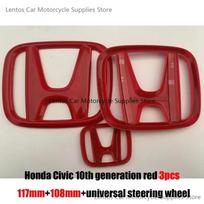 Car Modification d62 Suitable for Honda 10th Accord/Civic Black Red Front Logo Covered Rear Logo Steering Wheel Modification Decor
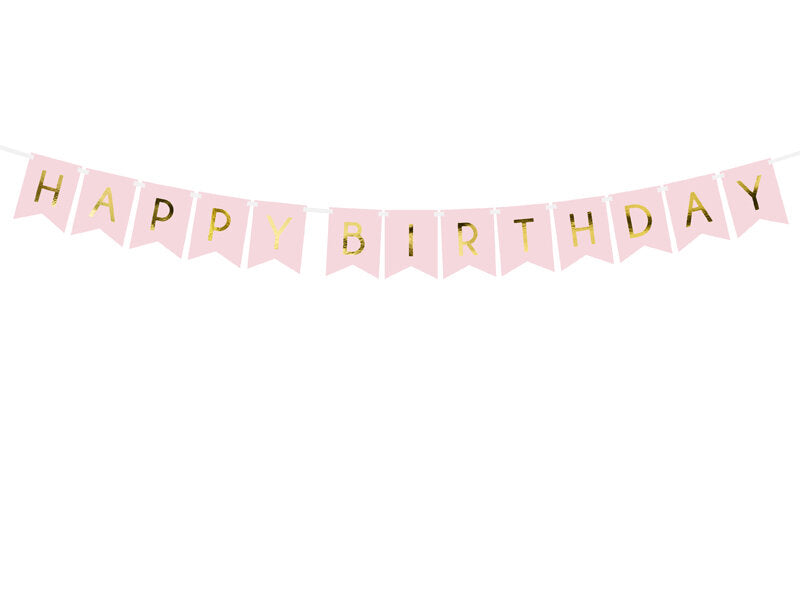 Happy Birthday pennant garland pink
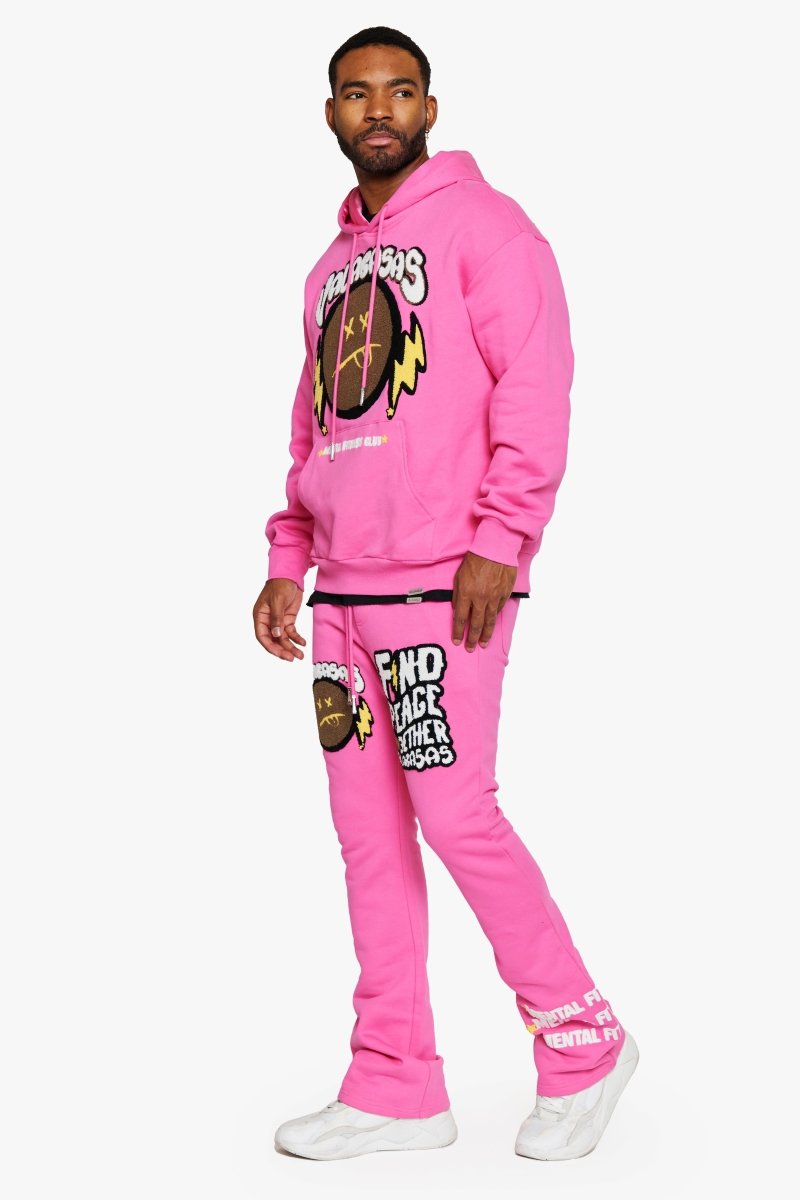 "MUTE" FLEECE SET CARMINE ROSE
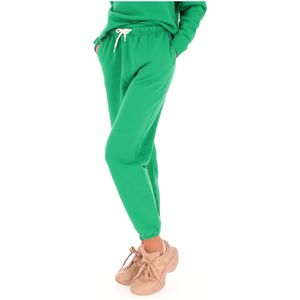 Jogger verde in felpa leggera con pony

* WORK TO COMPLETE
Starting at the line that holds "Happy Birthday pennant garland pink", copy each line exactly through the end of the material above, keeping both ends and dropping the pictures.

* RESPONSE AREA
 Happy Birthday pennant garland pink
 "MUTE" FLEECE SET CARMINE ROSE
 Jogger verde in felpa leggera con pony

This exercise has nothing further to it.